The power of talk: Media and accountability in three African countries

Library
Rebecca Stringer
2014

Summary

This policy briefing offers an empirical contribution to evolving thinking on governance within the international development landscape. Using the example of media, the brief argues that interventions designed to foster demand-based accountability may not be as successful in some fragile settings as more discursive platforms that aim to tackle problem-solving collectively. The paper thus underscores the need for locally embedded approaches to governance support that are both adaptive and reflective.

The brief draws on learning from BBC Media Action’s implementation of one project in particular – working to support media in three African countries: Angola, Sierra Leone and Tanzania. The briefing draws on quantitative and qualitative research, as well as insights from those implementing the projects, in order to shed light on some of the political realities that surround media as an institution that helps hold those in power to account. It documents both the successes of the project and some of the shortcomings.

Key findings:

  • This project’s main finding was the overwhelmingly positive response of audiences to the novelty of platforms that brought ordinary people face to face with public officials, community leaders and service providers. Audiences respond to issues which affect their day-to-day lives. This does not preclude the potential to develop truly “National Conversations”; however, often, localising national issues such as corruption allows for greater audience engagement because it resonates with people’s everyday lives. There may also be more opportunity to probe such local issues as they are perceived as less threatening to ruling elites.
  • The role of media in ensuring accountability can take different forms, some of them oppositional and critical, and some more rooted in political dialogue. Those rooted in dialogue, however, have the greatest impact in a climate of open and political freedom. A lack of political freedom and constraints to freedom of expression will always undermine the capacity for citizens to hold government to account. The “watchdog” model of the media is, if conceived in isolation from other approaches, overly simplistic.

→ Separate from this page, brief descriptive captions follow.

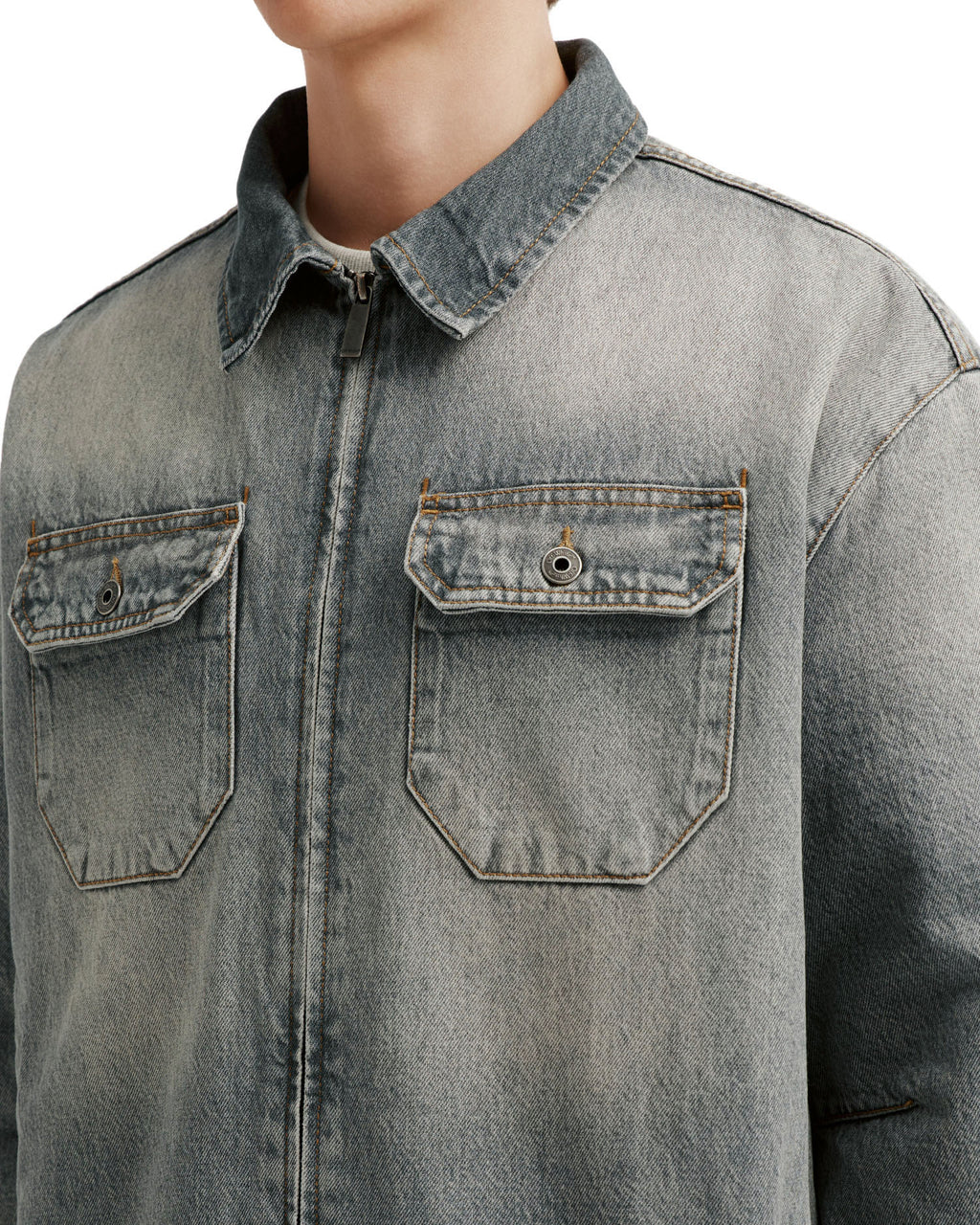 Zip denim jacket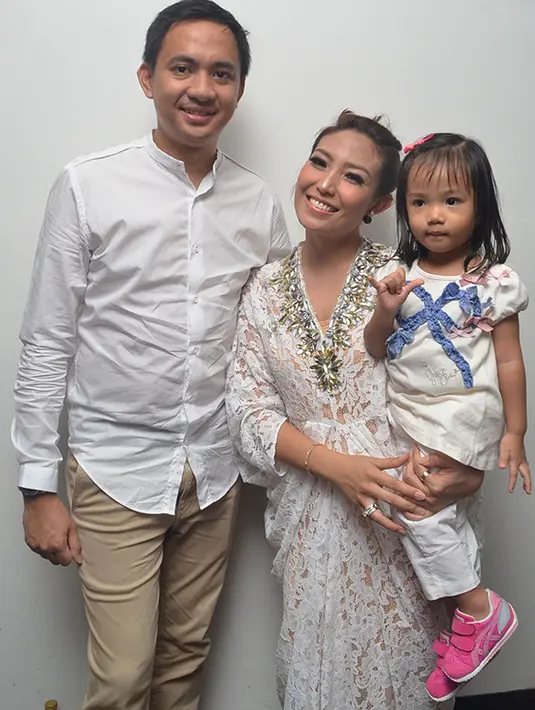 Selain memiliki anak laki-laki, berangkat menunaikan ibadah haji juga jadi impian Ayu Dewi di usianya yang ke 31 tahun. (Galih W.Satria/Bintang.com)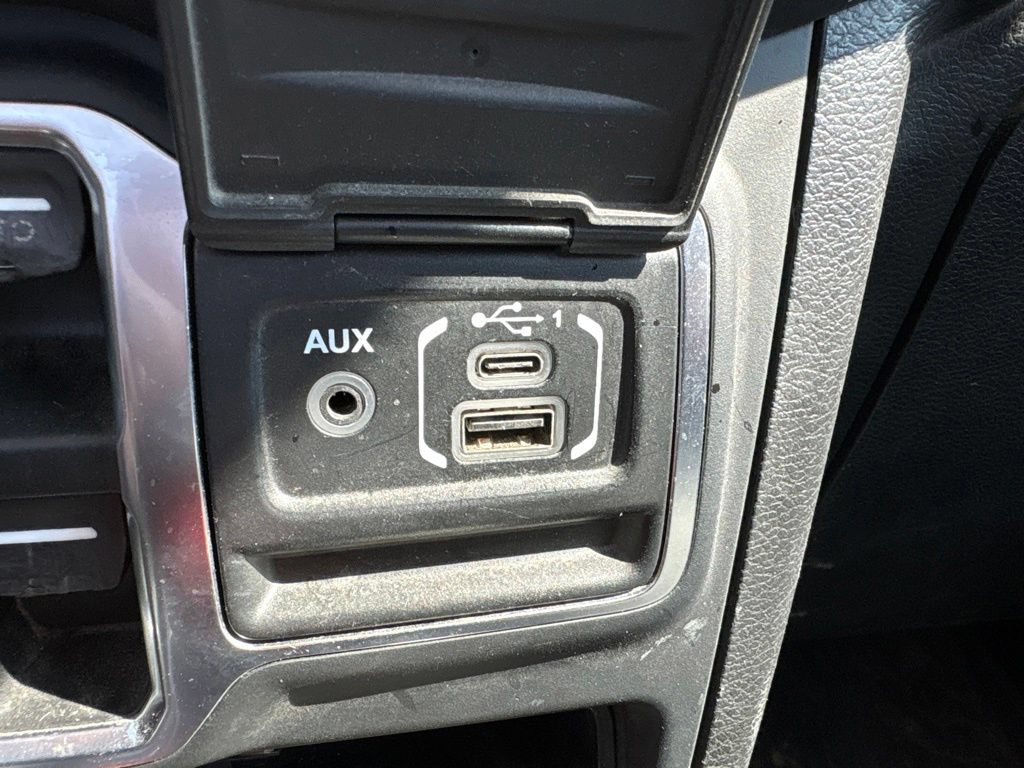 Used 2018 Jeep Wrangler Unlimited Sahara w/ Uconnect 4C Nav & Sound Group AWD/4WD image 27
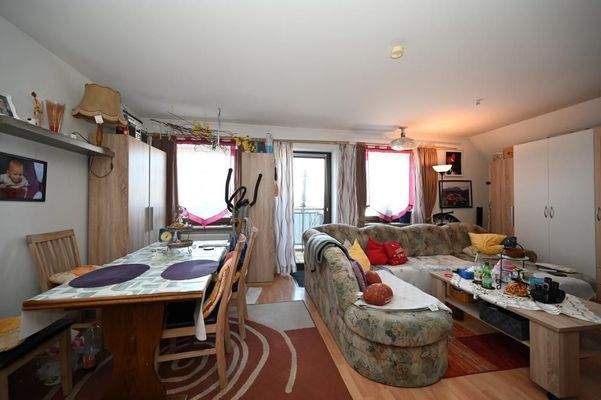 Heller Wohn-und Essbereich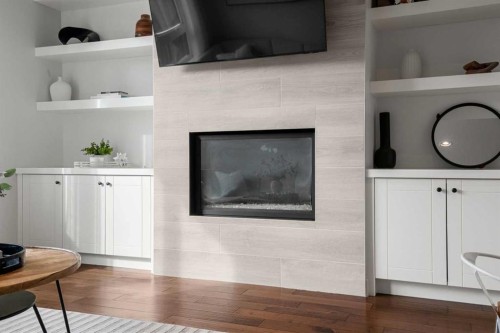 3917 2 Street Nw, Calgary, AB - Indoor With Fireplace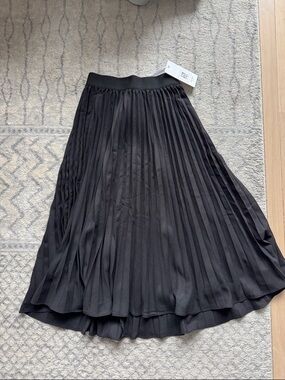 NWT black pleated skirt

Privileging a guardian role for the media in countries with little or no tradition of vertical accountability may actually disempower and disengage audiences or provoke censorship or closures on the part of government. This role is a key function, but one that needs to be clearly understood within the context of the political economy of the country concerned.
  • Projects to support the media sector to improve governance performance must be situated within a deep understanding of the power structures at play and how these might influence the potential for the media to be able to drive national or community-level change. This must include an understanding of the country’s overall institutional structure and how this, in turn, conditions audience expectations and government incentives for change.
  • Development initiatives that aim to foster improved governance through the media must be flexible and responsive and have the intellectual humility to learn and change over time – reacting to both the changing political environment and evidence from the ground about what is working (and what is not). Creating opportunities for internal learning, flexibility and a non-linear approach to delivering intended impact can allow teams to learn and implement improvements throughout the project life cycle.
  • Source

    Stringer, R. (2014). The power of talk: Media and accountability in three African countries. Policy Briefing No. 12. London: BBC Media Action.